The dispute at issue in the opinion arose out of the limited partnership agreement (the “Agreement”) of Cantor Fitzgerald, L.P. (the “Partnership”).  The Agreement included provisions that denied certain deferred distributions of capital account balances and grant amounts (the “Conditioned Payments”) to former limited partners if such former partners engaged in competitive activities within four years after ceasing to be limited partners.  The plaintiffs, a group of former limited partners of the Partnership, withdrew from the Partnership, resigned from their employment with an affiliated entity, and began working for various competitors.  After their withdrawal, the Partnership determined that the former partners breached their non-competition obligations by engaging in competitive activities, and the Partnership withheld the Conditioned Payments in amounts ranging from roughly $100,000 to over $5 million.  The plaintiffs subsequently filed suit in the Delaware Court of Chancery, alleging breach of contract claims and, among other things, that the forfeiture-for-competition provisions were unenforceable.  In January 2023, the Delaware Court of Chancery ruled in the plaintiffs’ favor, noting that Delaware’s public policy has a “distaste for liquidated damages provisions that restrain trade by requiring employees to pay former employers if they compete,” and held that forfeiture-for-competition provisions are subject to review for reasonableness.

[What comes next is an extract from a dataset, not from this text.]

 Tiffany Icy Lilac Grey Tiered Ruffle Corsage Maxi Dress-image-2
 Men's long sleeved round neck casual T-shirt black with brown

In a decision rendered on appeal on January 29, 2024, the Delaware Supreme Court reversed the Court of Chancery’s holding.  The Court reviewed the public policy considerations associated with non-competition provisions and related liquidated damages provisions and compared them to the public policy considerations associated with forfeiture-for-competition provisions.  In analyzing whether to enforce the forfeiture-for-competition provisions, the Court distinguished between a restrictive non-competition covenant that prevents an individual from working in a specific field (which may be subject to injunctive relief) and a forfeiture-for competition provision that allows an individual to work but imposes a cost for doing so (which is not subject to injunctive relief).  The Court also noted that 6 Del. C. § 17-306 permits partnership agreements to contain consequences that are not available in other commercial contracts, such as penalties and forfeitures, and that the Delaware Revised Uniform Limited Partnership Act has a stated policy “to give maximum effect to the principle of freedom of contract and to the enforceability of partnership agreements.”  While recognizing that freedom of contract is not unbounded, the Court found that the public policy interest that is present when a court reviews the reasonableness of a restriction on working in a specific field is much stronger than the public policy interest in preventing employees from forfeiting benefits for choosing to compete.  As a result, the Court found that the forfeiture-for-competition provisions in this case are not subject to review for reasonableness. 

The Court’s opinion in Cantor Fitzgerald highlights that, in the context of Delaware limited partnerships, Delaware courts (i) recognize a strong public policy of freedom of contract, and (ii) absent some form of bad faith or unconscionability, will generally preserve contractual flexibility and hold parties to their bargained-for agreements.